● **TASK DETAILS**:
Once the images are removed, set down everything else in the listing below exactly.

● **DATASET SECTION**:
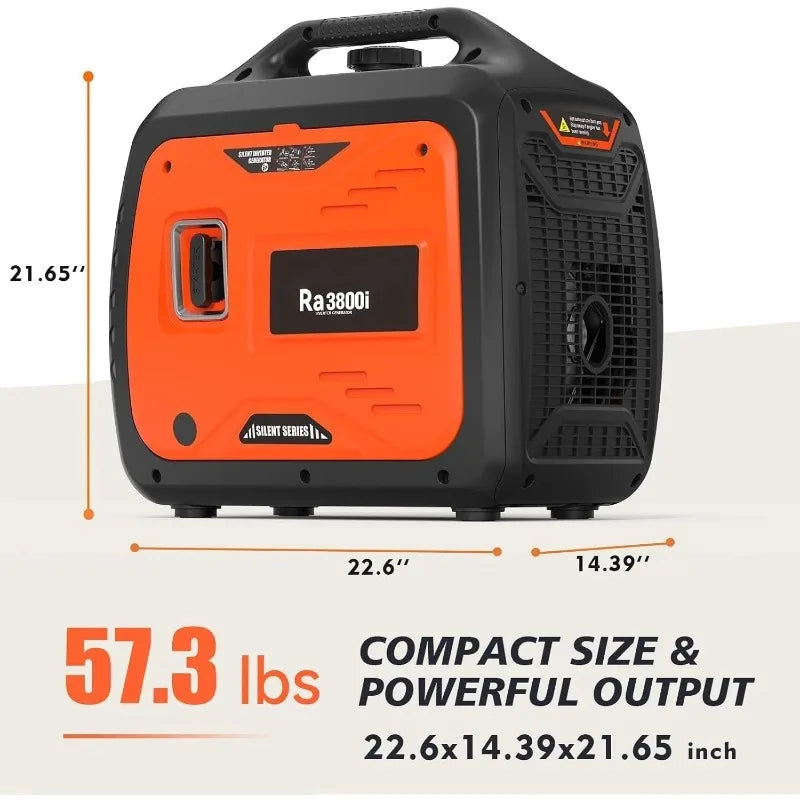 Customized 3800W Lightweight Portable Inverter Generator with Clean Power for Home, Camping, RV, Tailgating & Emergencies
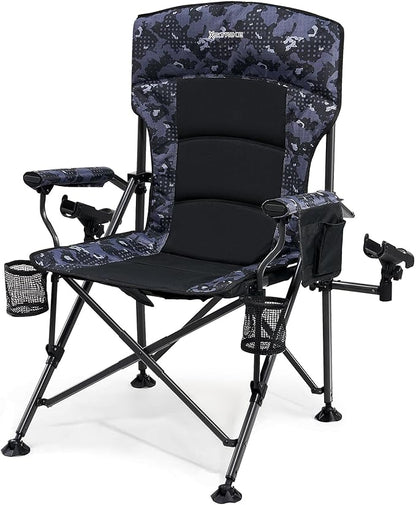 X Strike Oversized Folding Fishing Chair with Rod Holder Heavy Duty 350LBS, Feet Adjustable Padded Camping Chair with Cup Holder Side Pocket Hard Armrest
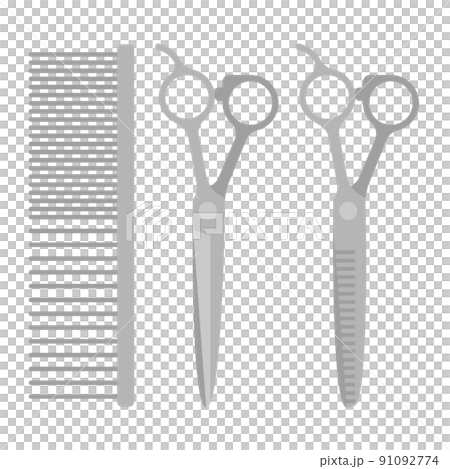 トリミング用ハサミと櫛のイラスト 91092774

● **OUTPUT BELOW**:
 Customized 3800W Lightweight Portable Inverter Generator with Clean Power for Home, Camping, RV, Tailgating & Emergencies
 X Strike Oversized Folding Fishing Chair with Rod Holder Heavy Duty 350LBS, Feet Adjustable Padded Camping Chair with Cup Holder Side Pocket Hard Armrest
 トリミング用ハサミと櫛のイラスト 91092774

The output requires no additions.